Government announces $140 million plan to reform school attendance services
Wednesday, 14 May 2025
Frontline school attendance services will receive a major funding boost under a $140 million package announced in Budget 2025, Associate Education Minister David Seymour says.
The Government will spend about $123 million to deliver a new national attendance service, with a further $17 million to support and strengthen existing frontline services over the next four years.
“Frontline attendance services will be more accountable, better at effectively managing cases, and data driven in their responses,” Seymour said. “To achieve this, they will soon have access to a new case management system and better data monitoring, and their contracts will be more closely monitored.”
In 2024, the Education Review Office released a report stating that the current system for managing school attendance was ineffective. The report noted that funding discrepancies across providers left many services under-resourced and unable to meet demand.
It recommended targeted support for chronic absences, better retention efforts, a more efficient model, and stronger prevention measures.
Seymour said the new attendance model addresses three of the four recommendations, with a wider attendance action plan—requiring all schools to implement attendance management plans aligned with the Stepped Attendance Response (STAR) by Term 1 of 2026—covering the rest.
Service providers will offer a range of support based on student and school needs, from advisory assistance to intensive case management.
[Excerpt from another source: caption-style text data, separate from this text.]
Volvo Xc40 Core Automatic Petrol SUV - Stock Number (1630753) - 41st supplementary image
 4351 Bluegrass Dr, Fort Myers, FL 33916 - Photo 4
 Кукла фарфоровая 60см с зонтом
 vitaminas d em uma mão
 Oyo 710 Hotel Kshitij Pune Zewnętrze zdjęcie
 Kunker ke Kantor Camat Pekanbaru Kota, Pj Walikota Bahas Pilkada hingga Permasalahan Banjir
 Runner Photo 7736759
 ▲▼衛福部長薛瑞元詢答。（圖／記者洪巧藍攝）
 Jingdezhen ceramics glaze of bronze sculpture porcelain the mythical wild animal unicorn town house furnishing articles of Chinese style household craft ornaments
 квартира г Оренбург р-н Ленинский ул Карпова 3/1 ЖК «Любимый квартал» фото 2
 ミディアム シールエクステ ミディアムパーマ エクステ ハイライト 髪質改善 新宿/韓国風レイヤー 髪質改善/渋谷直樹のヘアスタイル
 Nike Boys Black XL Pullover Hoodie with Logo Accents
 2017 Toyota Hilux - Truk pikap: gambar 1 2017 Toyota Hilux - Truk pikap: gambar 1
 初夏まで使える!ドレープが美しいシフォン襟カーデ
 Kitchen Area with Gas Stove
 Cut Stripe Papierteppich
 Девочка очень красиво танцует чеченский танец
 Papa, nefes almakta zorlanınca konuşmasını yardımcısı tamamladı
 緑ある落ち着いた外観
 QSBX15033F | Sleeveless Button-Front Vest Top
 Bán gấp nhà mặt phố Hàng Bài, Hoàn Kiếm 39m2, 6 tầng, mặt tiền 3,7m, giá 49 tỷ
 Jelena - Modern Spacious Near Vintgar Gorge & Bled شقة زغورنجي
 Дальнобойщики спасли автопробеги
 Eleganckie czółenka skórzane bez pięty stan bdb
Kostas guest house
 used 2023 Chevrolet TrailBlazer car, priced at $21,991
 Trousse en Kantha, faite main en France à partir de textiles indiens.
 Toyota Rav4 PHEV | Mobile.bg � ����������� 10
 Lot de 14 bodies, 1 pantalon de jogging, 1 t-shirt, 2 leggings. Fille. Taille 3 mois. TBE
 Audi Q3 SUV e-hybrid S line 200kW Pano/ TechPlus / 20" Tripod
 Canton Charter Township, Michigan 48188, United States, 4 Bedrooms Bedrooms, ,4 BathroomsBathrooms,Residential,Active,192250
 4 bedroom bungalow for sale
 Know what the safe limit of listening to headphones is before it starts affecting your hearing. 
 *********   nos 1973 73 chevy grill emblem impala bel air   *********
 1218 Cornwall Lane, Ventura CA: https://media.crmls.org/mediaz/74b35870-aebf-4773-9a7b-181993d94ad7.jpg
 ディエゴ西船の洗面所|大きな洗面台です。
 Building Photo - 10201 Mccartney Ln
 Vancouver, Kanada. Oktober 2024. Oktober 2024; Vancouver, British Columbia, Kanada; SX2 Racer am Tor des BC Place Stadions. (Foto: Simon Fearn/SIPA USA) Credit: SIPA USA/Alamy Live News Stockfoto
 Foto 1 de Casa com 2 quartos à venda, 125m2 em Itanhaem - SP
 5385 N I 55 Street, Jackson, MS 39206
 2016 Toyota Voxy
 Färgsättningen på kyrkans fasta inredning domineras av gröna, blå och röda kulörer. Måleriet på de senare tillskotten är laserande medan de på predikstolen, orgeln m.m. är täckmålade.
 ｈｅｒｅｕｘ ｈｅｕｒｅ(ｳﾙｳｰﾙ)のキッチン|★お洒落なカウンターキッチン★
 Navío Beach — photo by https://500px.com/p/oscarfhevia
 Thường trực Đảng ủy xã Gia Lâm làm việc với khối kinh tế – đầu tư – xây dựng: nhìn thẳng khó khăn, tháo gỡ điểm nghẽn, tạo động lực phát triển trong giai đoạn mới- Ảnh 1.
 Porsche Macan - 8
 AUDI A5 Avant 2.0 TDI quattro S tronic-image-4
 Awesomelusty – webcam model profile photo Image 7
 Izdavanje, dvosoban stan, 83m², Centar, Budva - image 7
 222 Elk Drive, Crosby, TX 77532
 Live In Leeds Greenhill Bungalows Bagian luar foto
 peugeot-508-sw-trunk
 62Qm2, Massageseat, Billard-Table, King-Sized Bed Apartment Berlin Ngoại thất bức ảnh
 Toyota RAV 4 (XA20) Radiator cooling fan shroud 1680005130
Schools with high numbers of chronically absent students, often in high Equity Index (EQI) brackets, will be able to apply for in-school service funding.
Transition to the new model will begin at the end of this year, with full implementation expected in early 2026. The Ministry of Education will work with providers to ensure students continue to receive support during the transition.
“Attending school is the first step towards achieving positive educational outcomes. Positive educational outcomes lead to better health, higher incomes, better job stability and greater participation within communities. These are opportunities that every student deserves,” Seymour said.